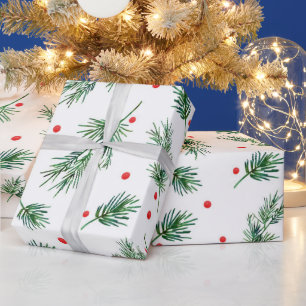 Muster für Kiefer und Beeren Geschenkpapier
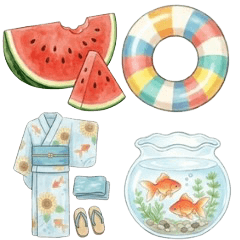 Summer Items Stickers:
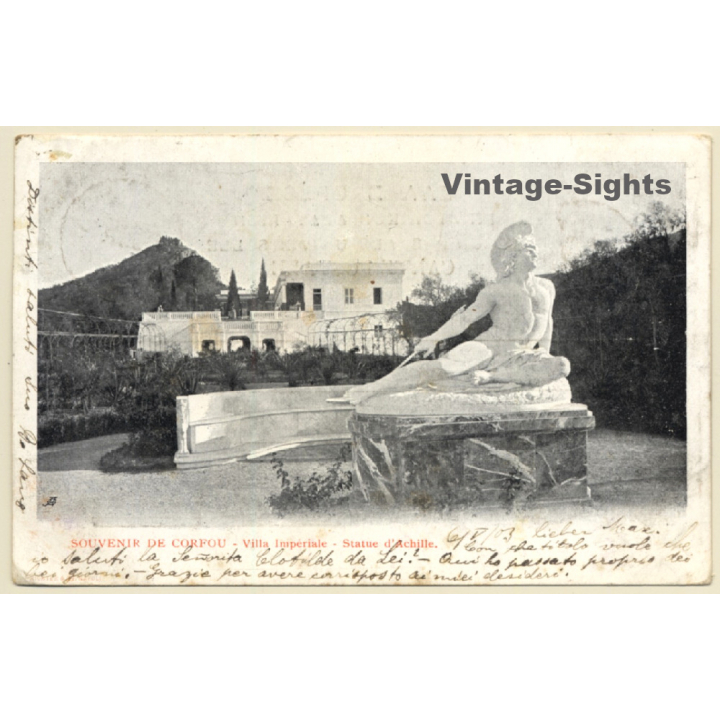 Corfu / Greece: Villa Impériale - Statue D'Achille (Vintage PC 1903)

◆ Assignment
Each line of the data must be transcribed exactly; pictures are not carried over.

◆ Your solution
 Muster für Kiefer und Beeren Geschenkpapier
 Summer Items Stickers:
 Corfu / Greece: Villa Impériale - Statue D'Achille (Vintage PC 1903)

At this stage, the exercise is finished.